Discontent Across the Spectrum
Support for the pre-Brexit system cuts across party lines.
Green Party voters were most nostalgic, with 60 percent preferring the old system. Among Labour and Liberal Democrat supporters, 46 and 49 percent respectively shared that sentiment. Even backers of Nigel Farage’s Reform UK were hesitant to defend the current approach—only 21 percent support it, while 37 percent said they preferred the pre-Brexit policy.

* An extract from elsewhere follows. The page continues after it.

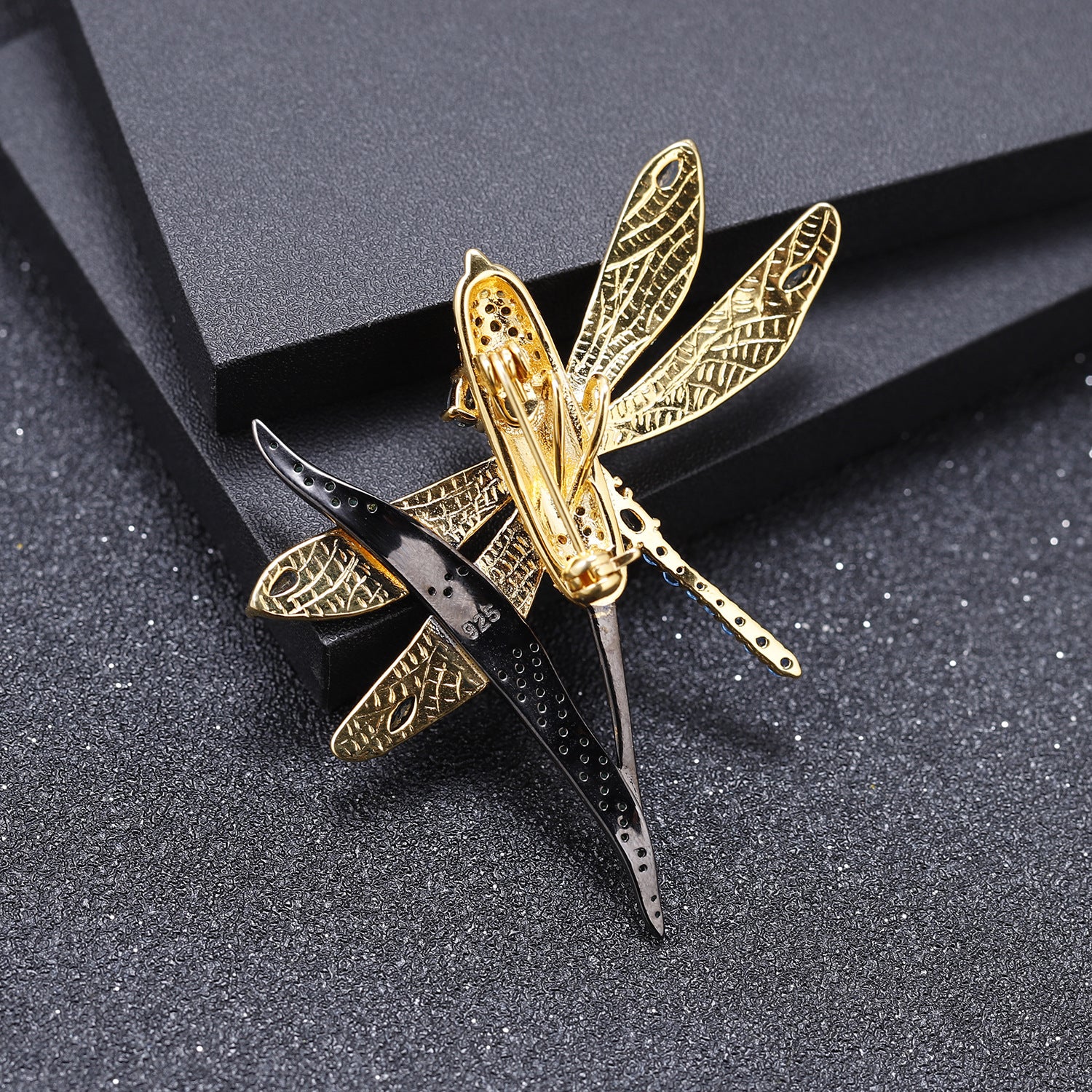 Brooch Pendant Dual-use Natural Topaz Dragonfly Pendant Silver Necklace for Women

But experts caution against assuming this reflects a desire to rejoin the EU. Sophie Stowers of More in Common said that voters’ frustration stems less from missing free movement and more from dissatisfaction with rising migration numbers and ongoing small-boat crossings across the Channel.
A Complex Picture
Analysts say Britain’s current system—an “Australian-style points-based” model—was intended to balance control with openness. Ironically, it’s now the least popular immigration policy tested in the survey, with a net approval score of -39 percent.
Yet many respondents still rated an “Australian-style” system most positively, apparently unaware that Britain already uses one. “People’s knowledge of immigration systems is limited,” said Georgina Sturge of Oxford University’s Migration Observatory. “They’re rating impressions, not policies.”
No Easy Way Back
Experts agree that nostalgia for the pre-Brexit era cannot easily translate into policy change. “Even if people prefer how things felt before Brexit, the government can’t simply turn back the clock,” Sturge said. “The small boats crisis didn’t exist then, and rejoining the EU wouldn’t make it disappear.”
As frustration mounts and migration continues to rise, Britain finds itself in a political paradox: after voting to leave the EU to control immigration, the country now faces higher inflows—and growing public regret over the system that replaced what once was.